**WHAT IS REQUIRED:** Below are the entries. Print only the lines starting at the one with "보도 1) 단양콩(1)" and ending at the one with "Famous Buddha Head", exactly, with no pictures.

**RECORDS TO PROCESS:**
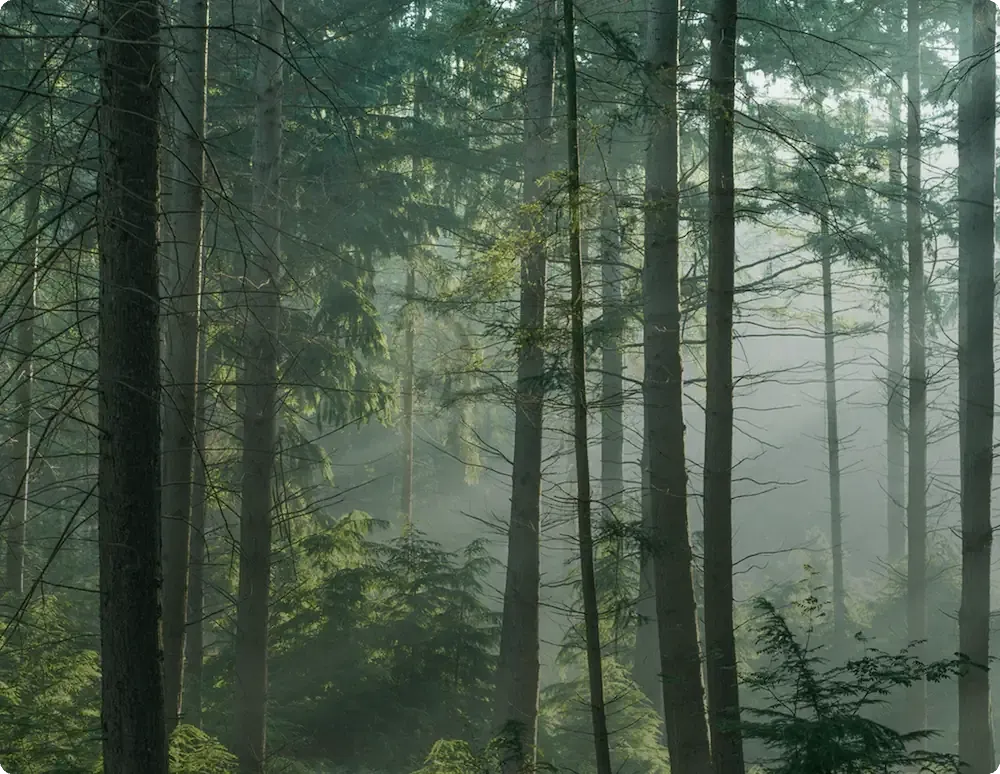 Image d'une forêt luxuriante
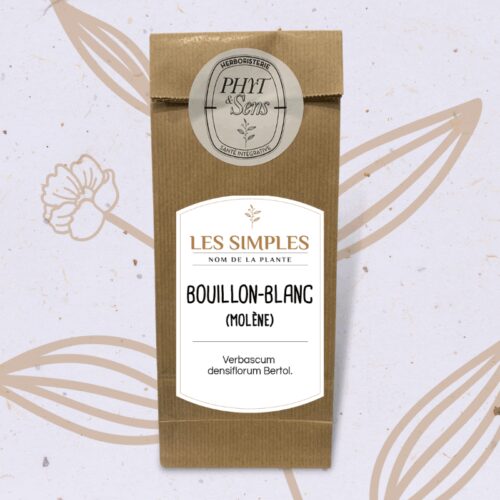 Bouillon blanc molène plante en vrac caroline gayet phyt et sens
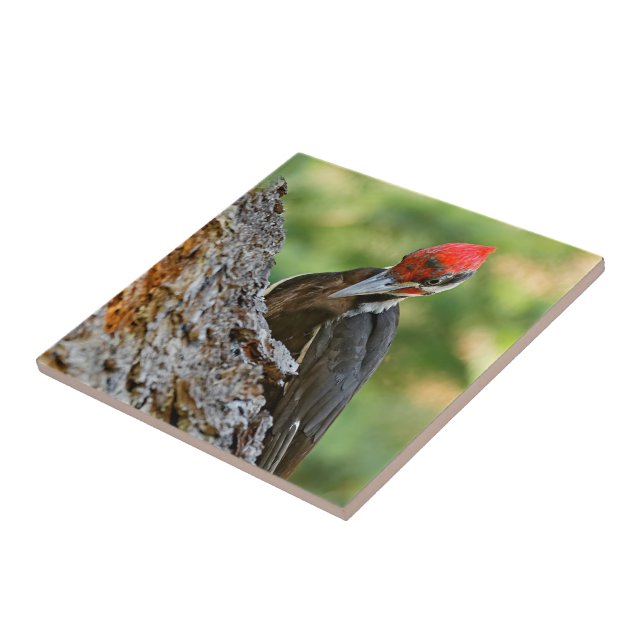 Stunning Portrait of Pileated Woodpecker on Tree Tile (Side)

* * *

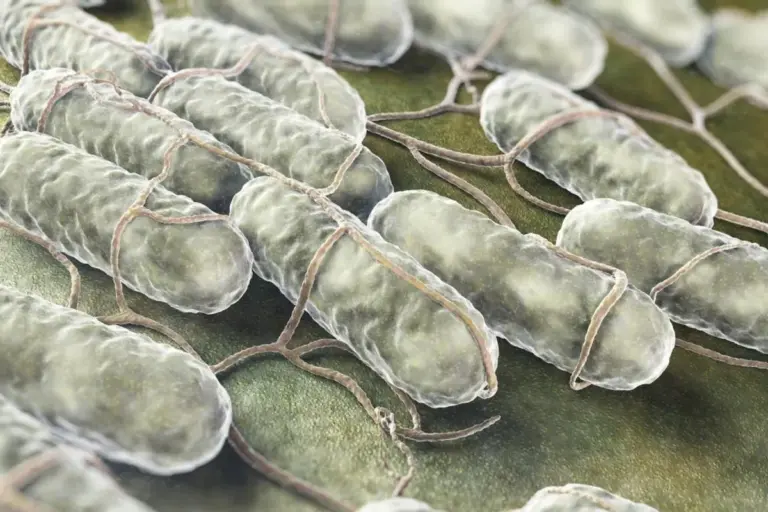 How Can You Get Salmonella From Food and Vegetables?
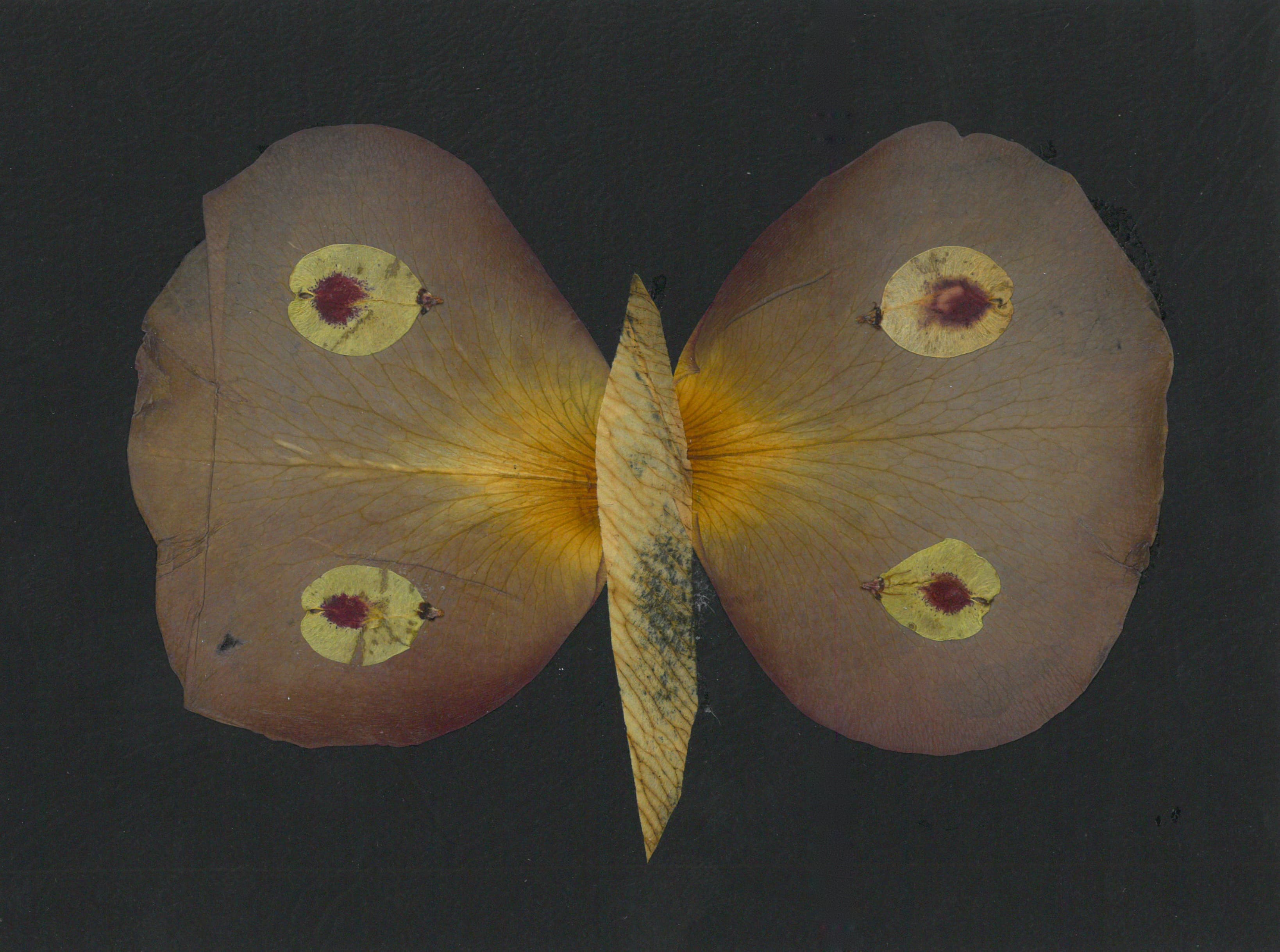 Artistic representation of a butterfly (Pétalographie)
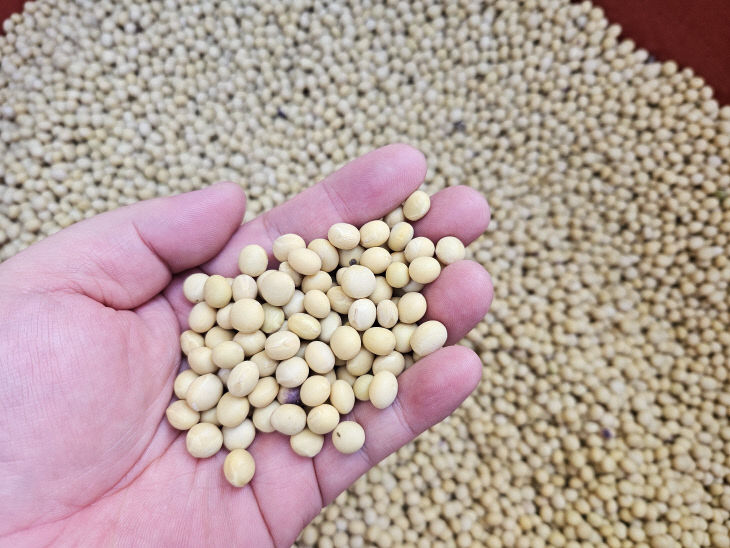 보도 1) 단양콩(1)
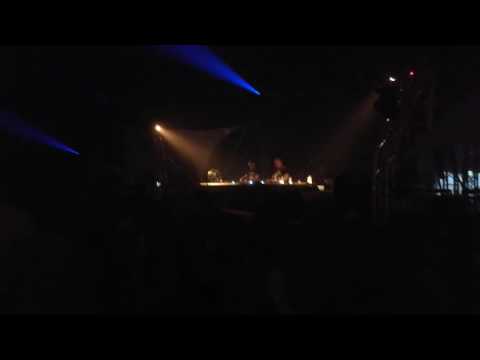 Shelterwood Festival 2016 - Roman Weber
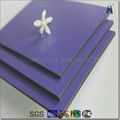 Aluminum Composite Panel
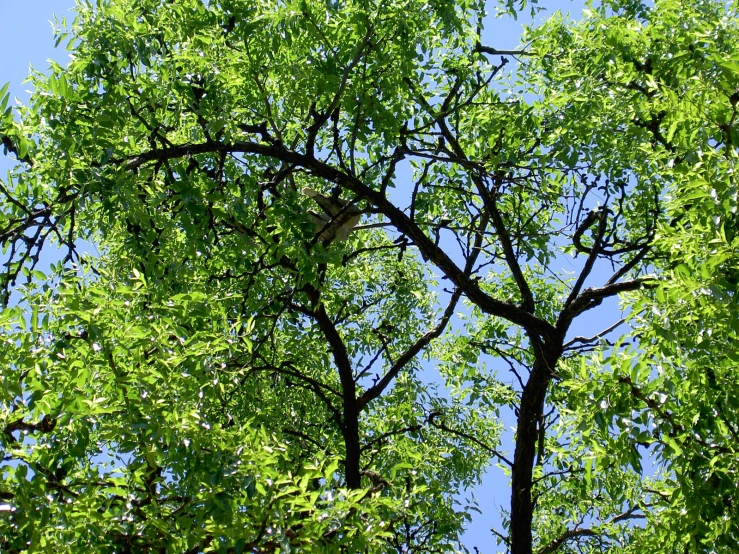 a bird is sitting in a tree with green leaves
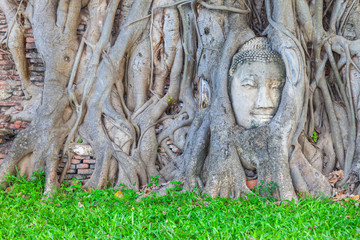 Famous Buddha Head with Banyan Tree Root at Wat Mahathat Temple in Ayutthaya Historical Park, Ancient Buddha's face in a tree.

==

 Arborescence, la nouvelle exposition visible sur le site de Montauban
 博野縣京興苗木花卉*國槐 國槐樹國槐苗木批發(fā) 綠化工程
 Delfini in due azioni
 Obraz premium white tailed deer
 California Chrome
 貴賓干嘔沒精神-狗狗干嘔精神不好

**REPLY TO THE EXERCISE:**
 보도 1) 단양콩(1)
 Shelterwood Festival 2016 - Roman Weber
 Aluminum Composite Panel
 a bird is sitting in a tree with green leaves
 Famous Buddha Head with Banyan Tree Root at Wat Mahathat Temple in Ayutthaya Historical Park, Ancient Buddha's face in a tree.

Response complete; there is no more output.